Problem
Please produce a character-exact copy of the listing that follows, omitting all images.

○ ○ ○

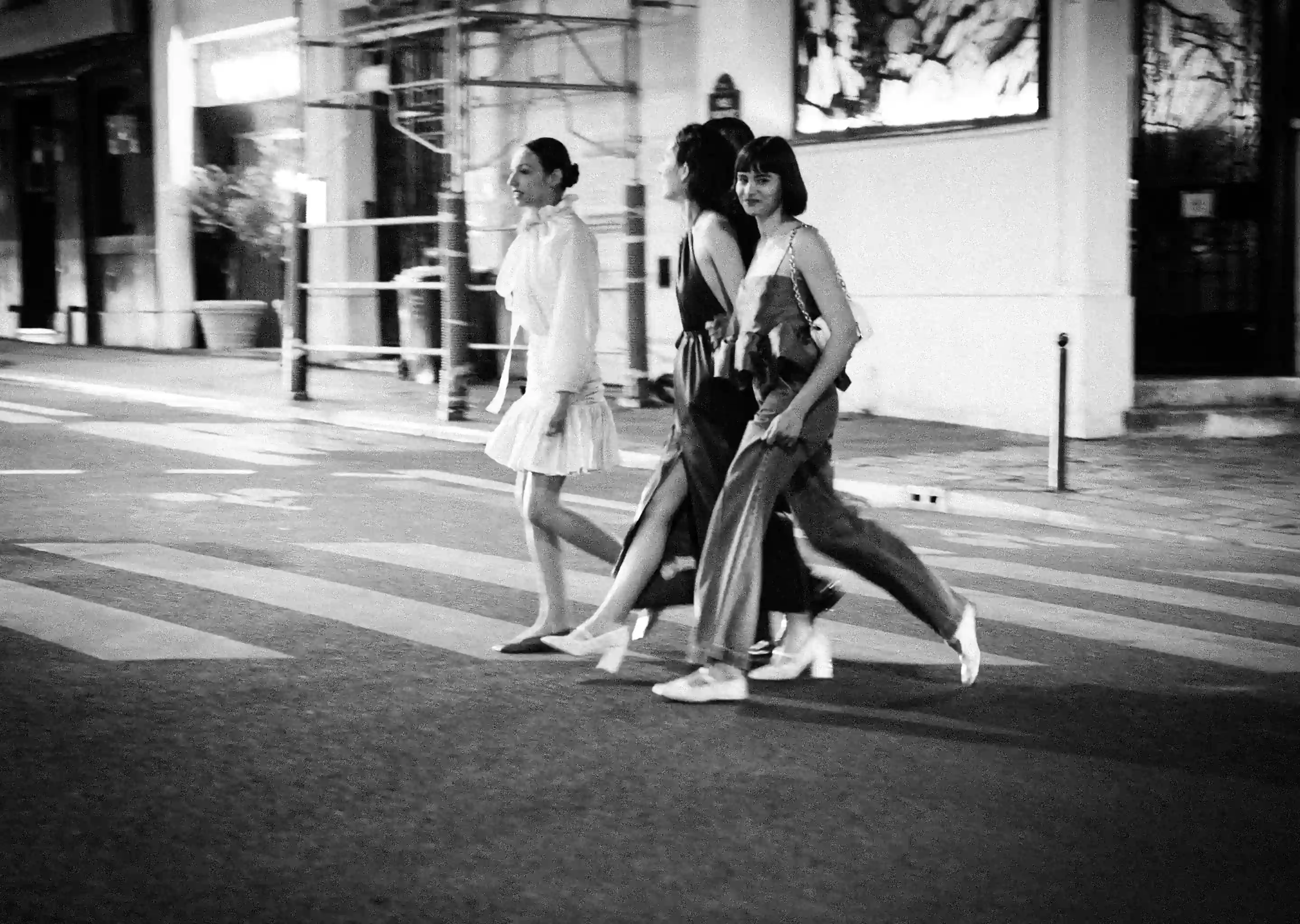 Foto em preto e branco de três mulheres andando por uma rua da cidade em uma faixa de pedestres à noite.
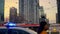 Toronto, Canada - May 6, 2023: busy metropolis with hurrying people and police patrol car. Police car with flashing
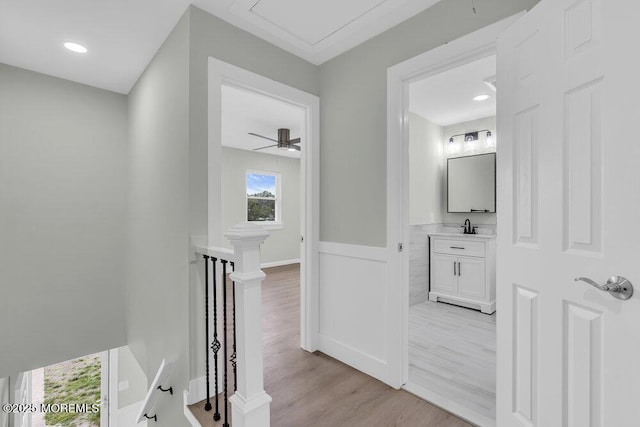 84 Briar Mills Dr, Brick, NJ 08724 - corridor with an upstairs landing, light wood finished floors, wainscoting, and a sink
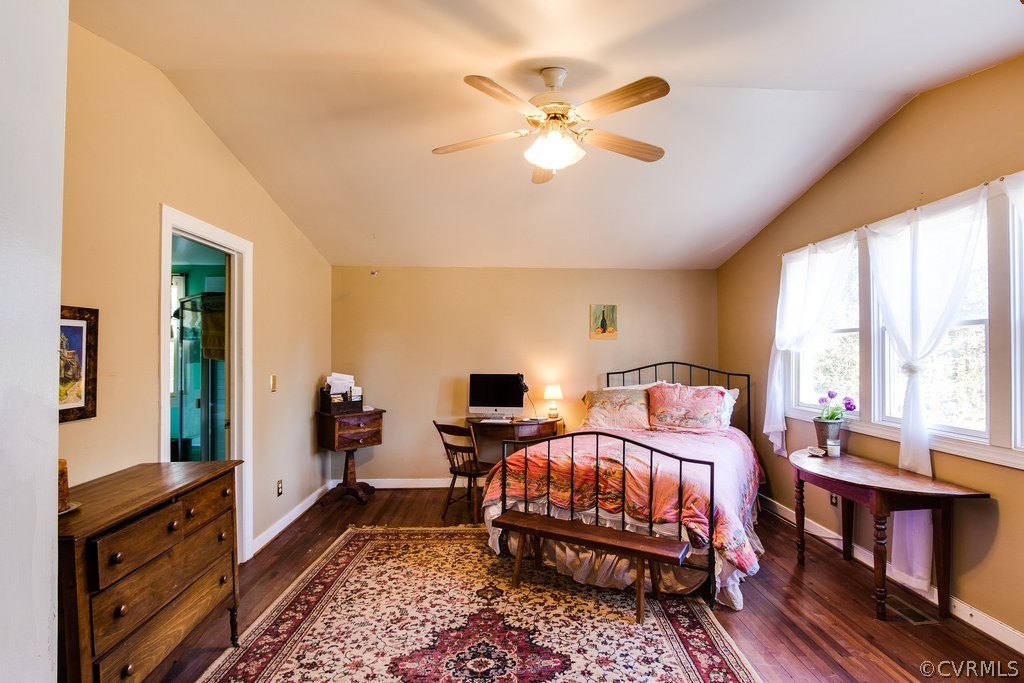 12016 Old Buckingham Road Midlothian, VA 23113 - Photo 18 of 24 a bedroom with a bed and wooden floor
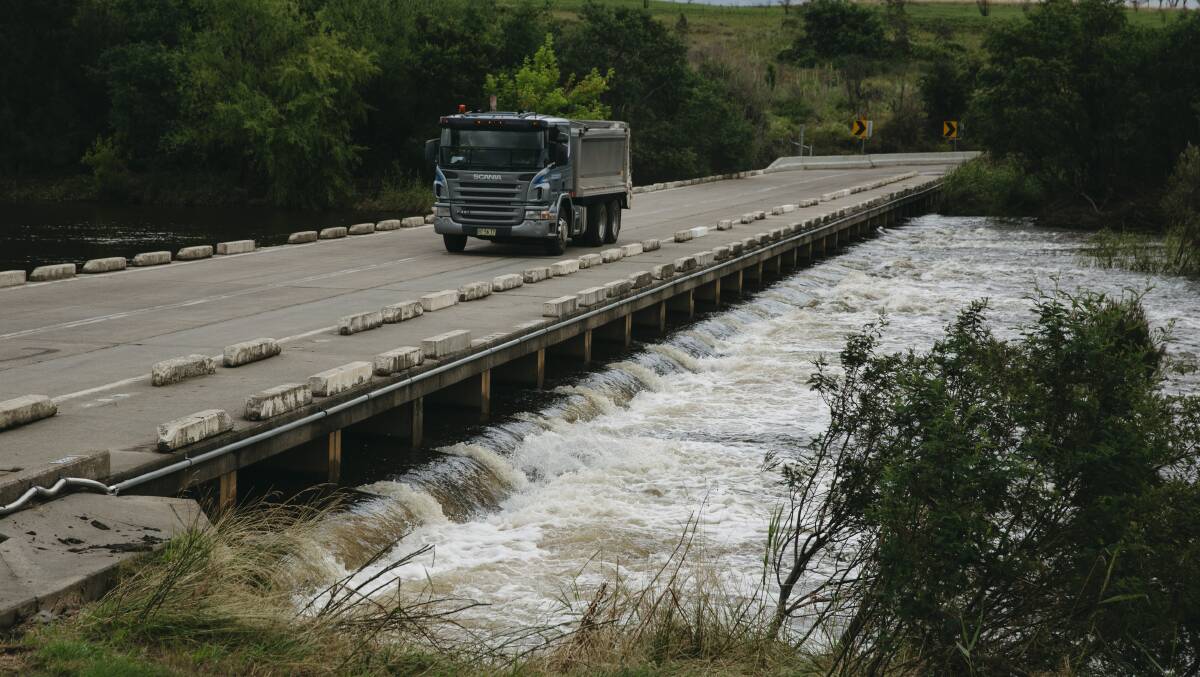 Heavy water flows at Point Hut crossing after rainfall in Canberra this week. Picture: Dion Georgopoulos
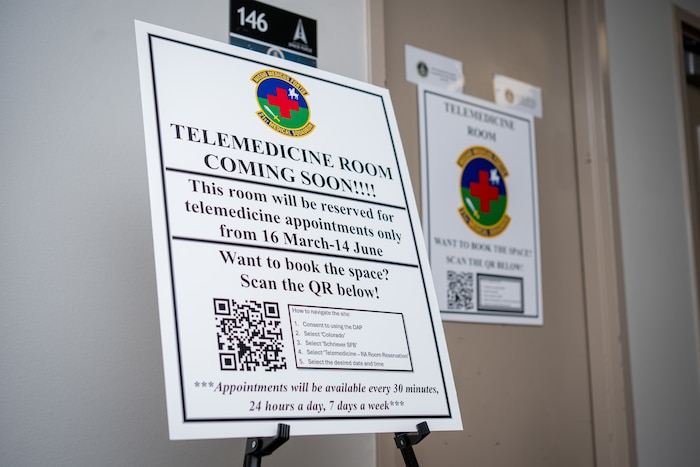 A sign announcing the Telehealth Room pilot program is displayed in the hallway at Schriever Space Force Base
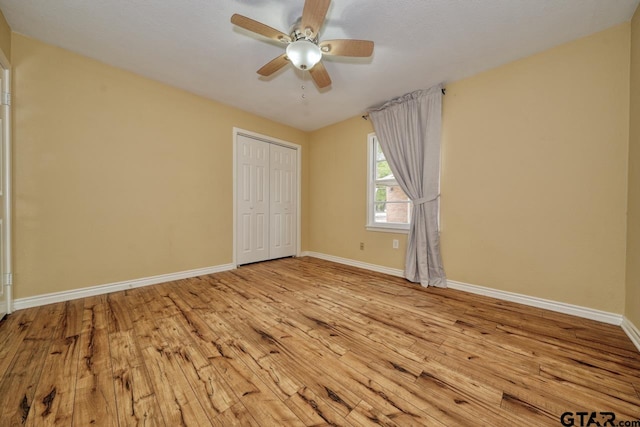 unfurnished bedroom featuring light wood-type flooring, a closet, and ceiling fan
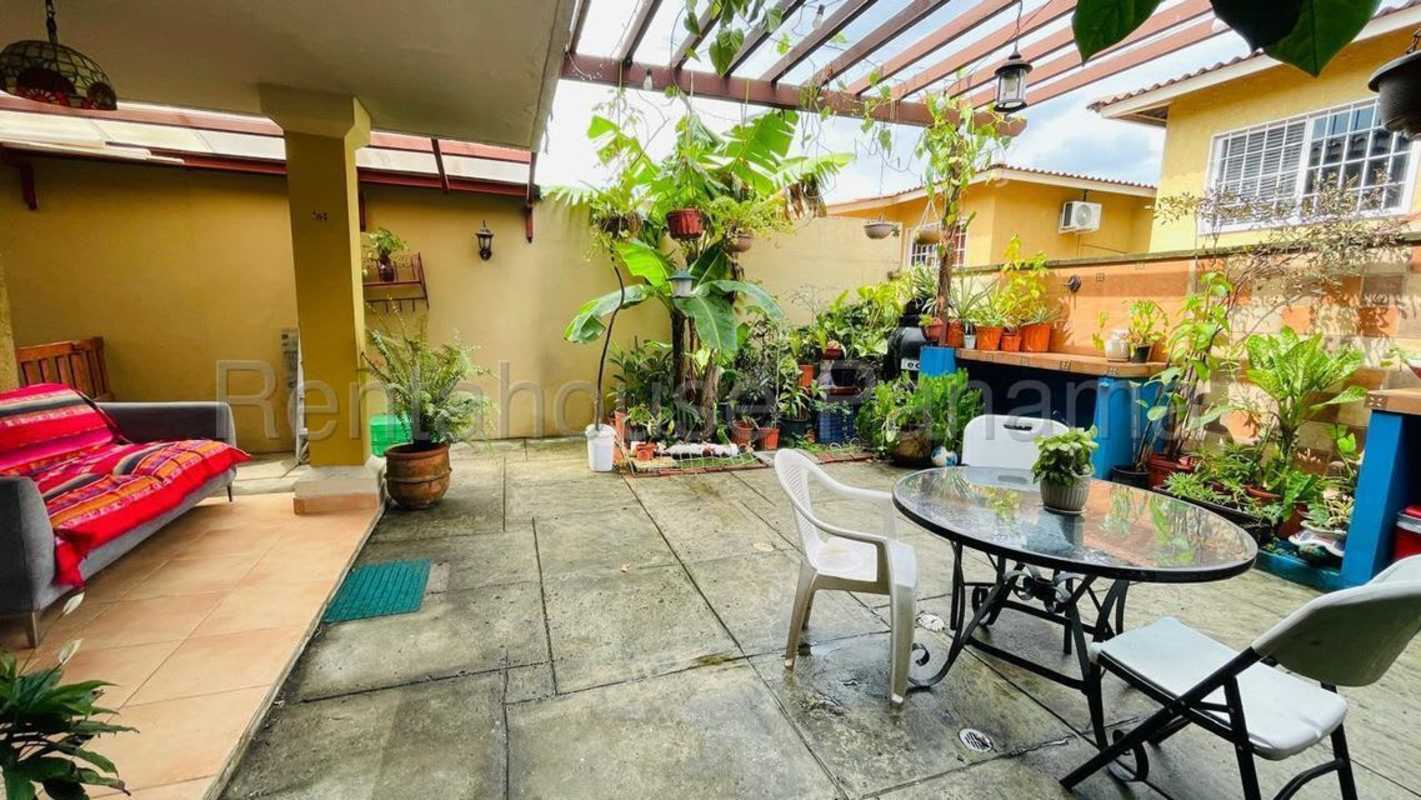 Beautiful landscaped pond with gazebo and walking path in Dorado Lake residential community Panama City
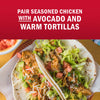 A delicious taco featuring seasoned chicken, avocado, and warm tortillas.
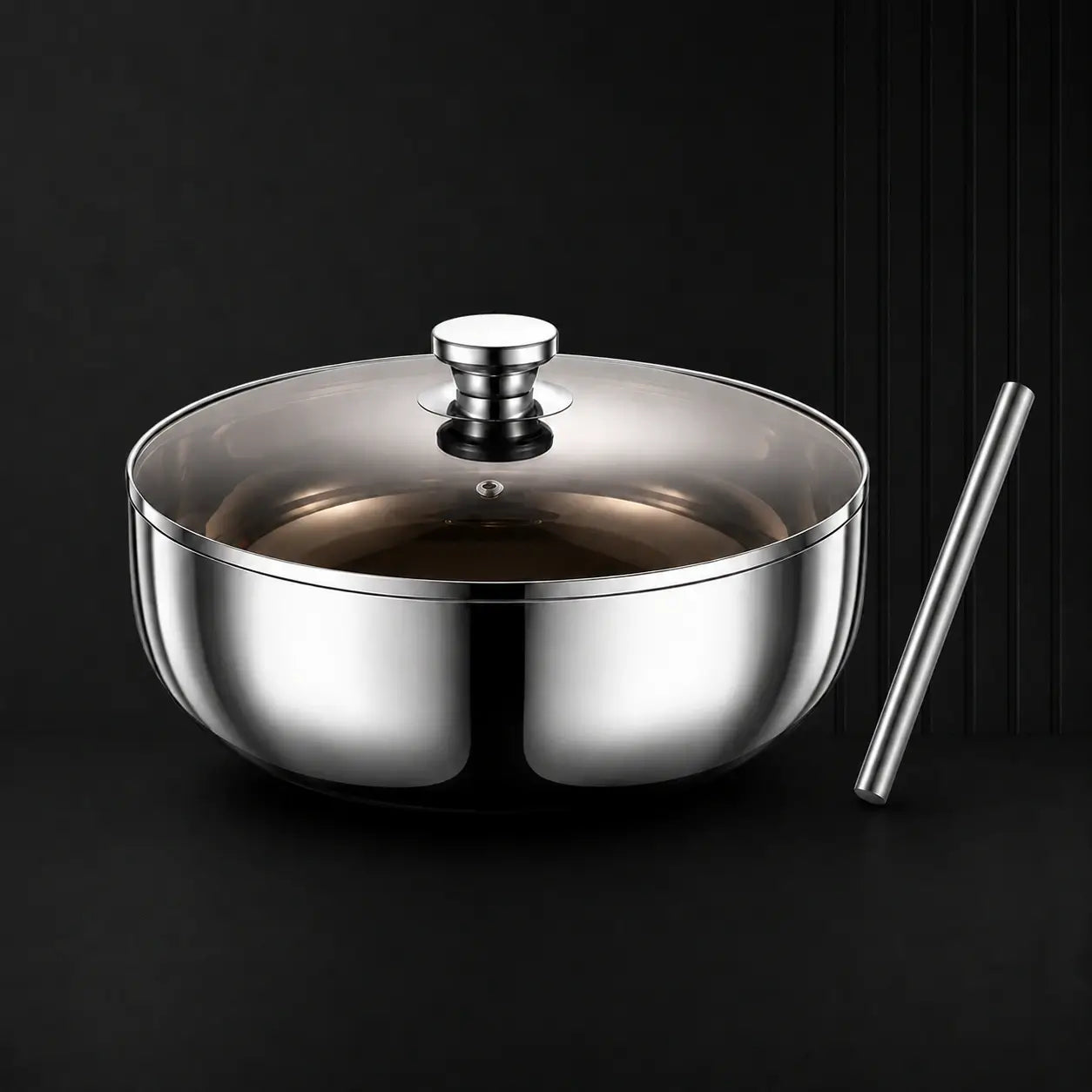 Stainless steel mixing bowl with glass lid and rolling pin on a dark background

○ ○ ○

Result of the task
 Foto em preto e branco de três mulheres andando por uma rua da cidade em uma faixa de pedestres à noite.
 Toronto, Canada - May 6, 2023: busy metropolis with hurrying people and police patrol car. Police car with flashing
 84 Briar Mills Dr, Brick, NJ 08724 - corridor with an upstairs landing, light wood finished floors, wainscoting, and a sink
 12016 Old Buckingham Road Midlothian, VA 23113 - Photo 18 of 24 a bedroom with a bed and wooden floor
 Heavy water flows at Point Hut crossing after rainfall in Canberra this week. Picture: Dion Georgopoulos
 A sign announcing the Telehealth Room pilot program is displayed in the hallway at Schriever Space Force Base
 unfurnished bedroom featuring light wood-type flooring, a closet, and ceiling fan
 Beautiful landscaped pond with gazebo and walking path in Dorado Lake residential community Panama City
 A delicious taco featuring seasoned chicken, avocado, and warm tortillas.
 Stainless steel mixing bowl with glass lid and rolling pin on a dark background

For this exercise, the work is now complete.